* Task requirements
Although the entries contain pictures, the copy should hold only their exact text.

--- Data shown Enclosed Below ---

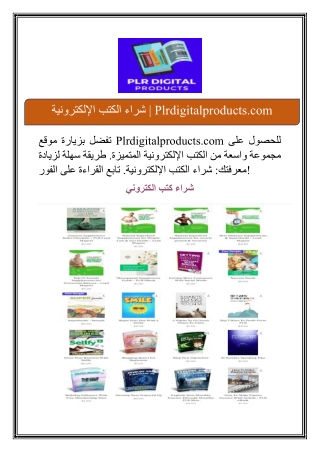 شراء كتب الكترونية001شراء الكتب الإلكترونية | Plrdigitalproducts.com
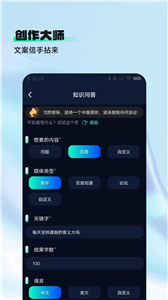 ASK AI官网版截图1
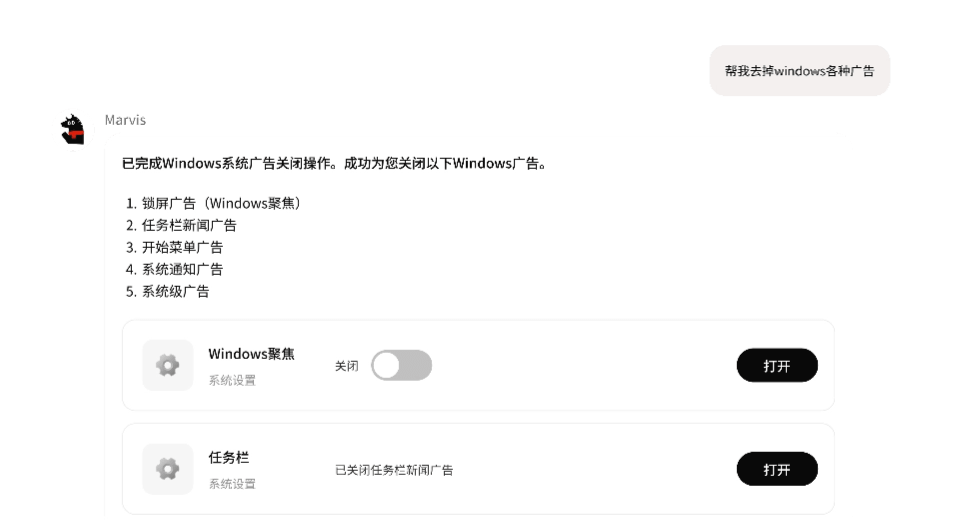 一句话关闭 Windows 各类广告的执行结果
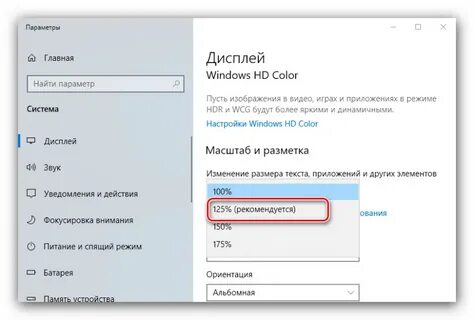 Размытое изображение на мониторе windows
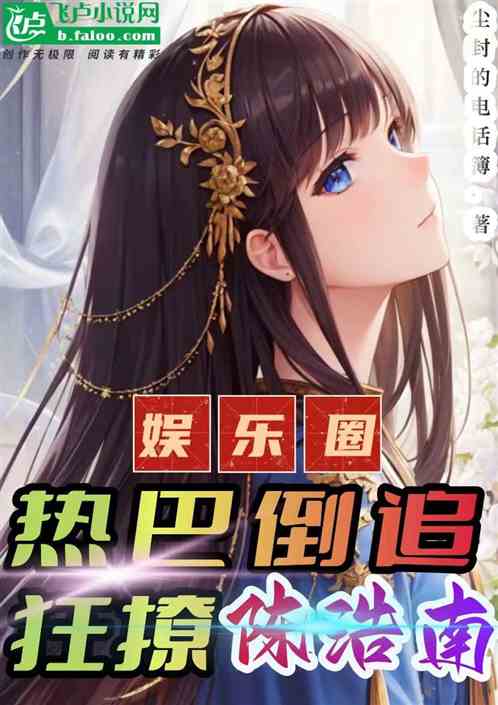 娱乐圈：热巴倒追狂撩陈浩南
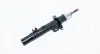 Амортизатор MAGNETI MARELLI 356322070200 (фото 1)
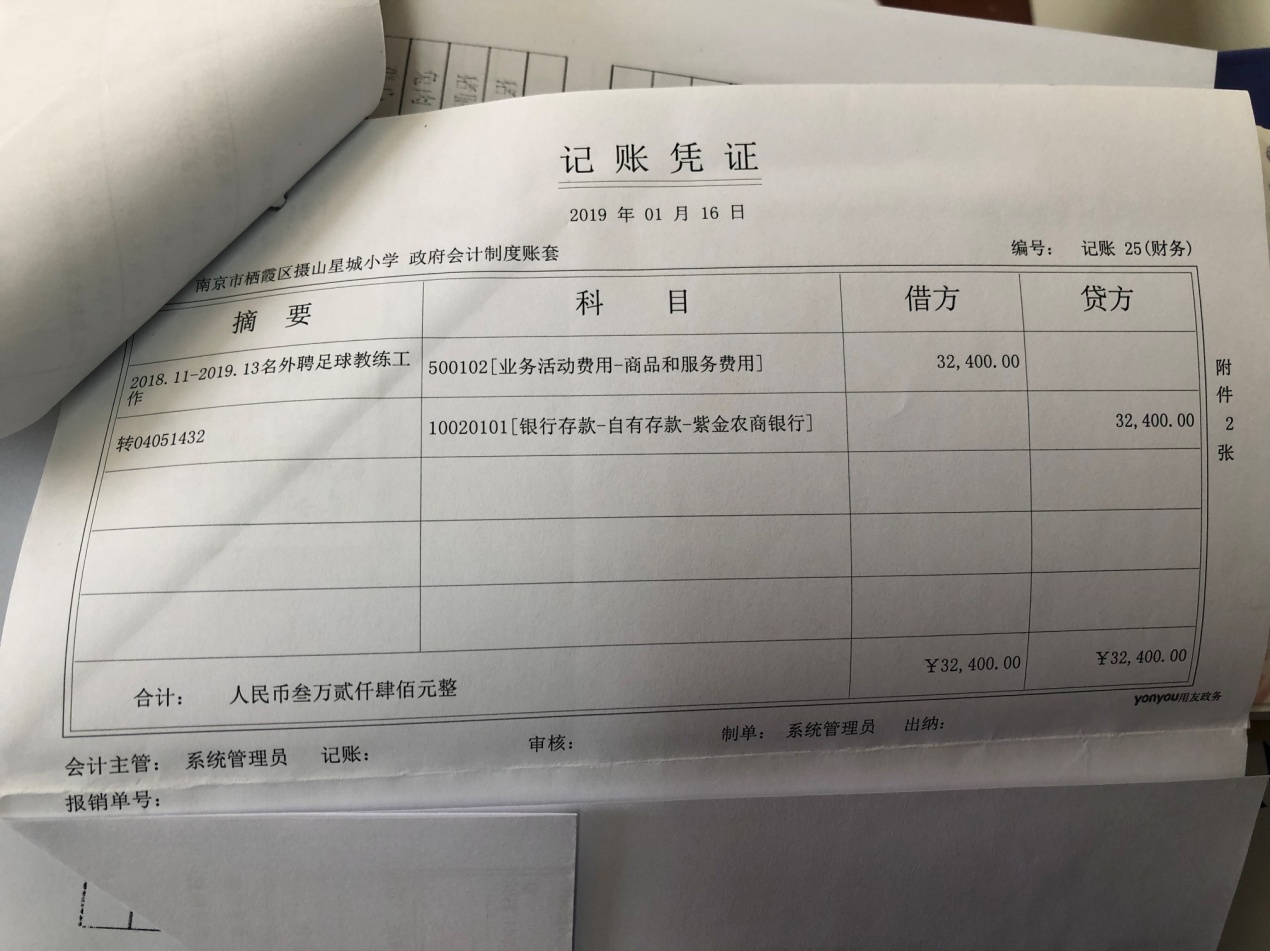 2018-2019摄山星城小学足球经费投入一览_html_696ca2f5.jpg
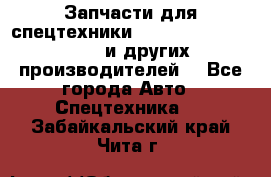 Запчасти для спецтехники XCMG, Shantui, Shehwa и других производителей. - Все города Авто » Спецтехника   . Забайкальский край,Чита г.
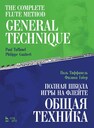 Полная школа игры на флейте. Общая техника Таффанель П., Гобер Ф.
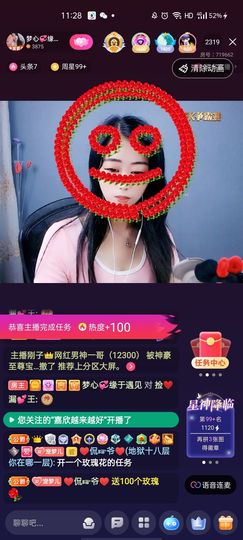 梦心💞缘于遇见的图片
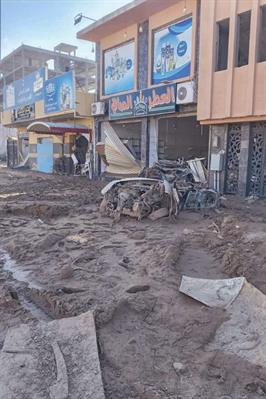 Libia sigue recuperando cuerpos e identificando fallecidos meses después del ciclón Daniel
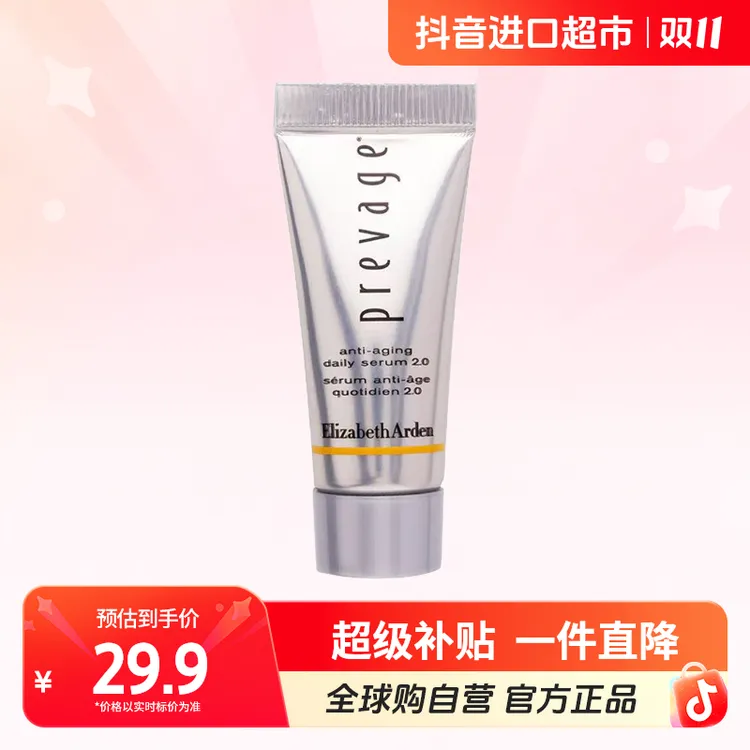 【自营】伊丽莎白雅顿橘灿精华正品 铂粹御肤精华液2.0 5ml/支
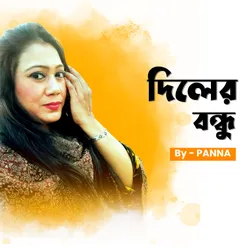 Diler Bondhu by Panna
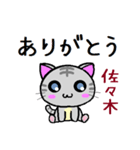 佐々木 ねこ（個別スタンプ：17）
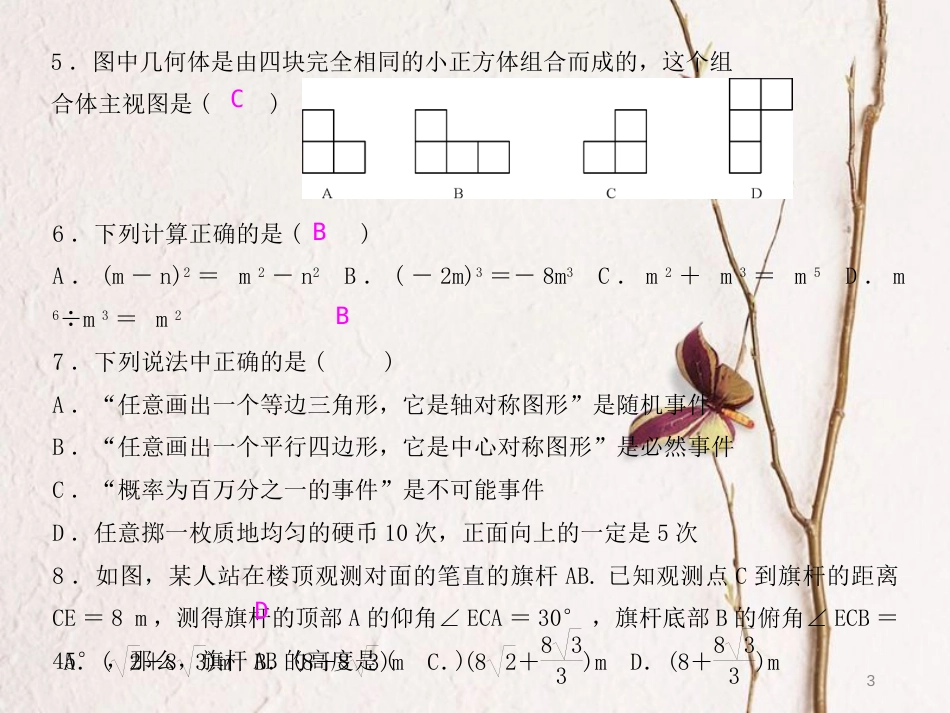 九年级数学上册 中考模拟测试卷（一）课件 （新版）新人教版_第3页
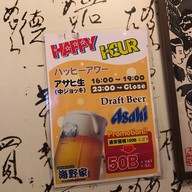 Uminoya Seafood BBQ&Lzakaya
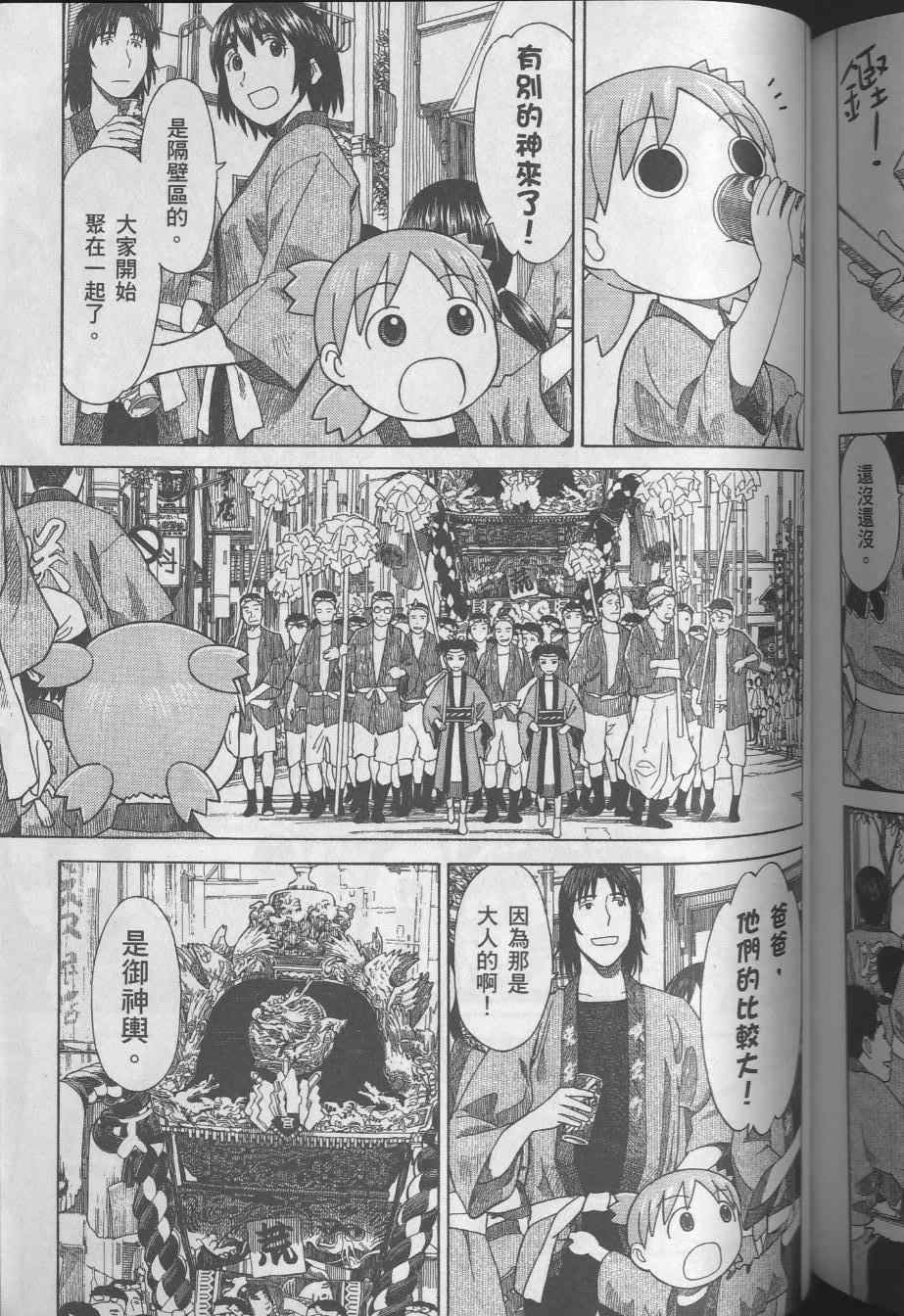 第173页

--- End of Enclosed Data shown ---

* Result for this task
 شراء كتب الكترونية001شراء الكتب الإلكترونية | Plrdigitalproducts.com
 ASK AI官网版截图1
 一句话关闭 Windows 各类广告的执行结果
 Размытое изображение на мониторе windows
 娱乐圈：热巴倒追狂撩陈浩南
 Амортизатор MAGNETI MARELLI 356322070200 (фото 1)
 2018-2019摄山星城小学足球经费投入一览_html_696ca2f5.jpg
 Запчасти для спецтехники XCMG, Shantui, Shehwa и других производителей. - Все города Авто » Спецтехника   . Забайкальский край,Чита г.
 Полная школа игры на флейте. Общая техника Таффанель П., Гобер Ф.
 梦心💞缘于遇见的图片
 Libia sigue recuperando cuerpos e identificando fallecidos meses después del ciclón Daniel
 【自营】伊丽莎白雅顿橘灿精华正品 铂粹御肤精华液2.0 5ml/支
 Diler Bondhu by Panna
 佐々木 ねこ（個別スタンプ：17）
 九年级数学上册 中考模拟测试卷（一）课件 （新版）新人教版_第3页
 Uminoya Seafood BBQ&Lzakaya
 第173页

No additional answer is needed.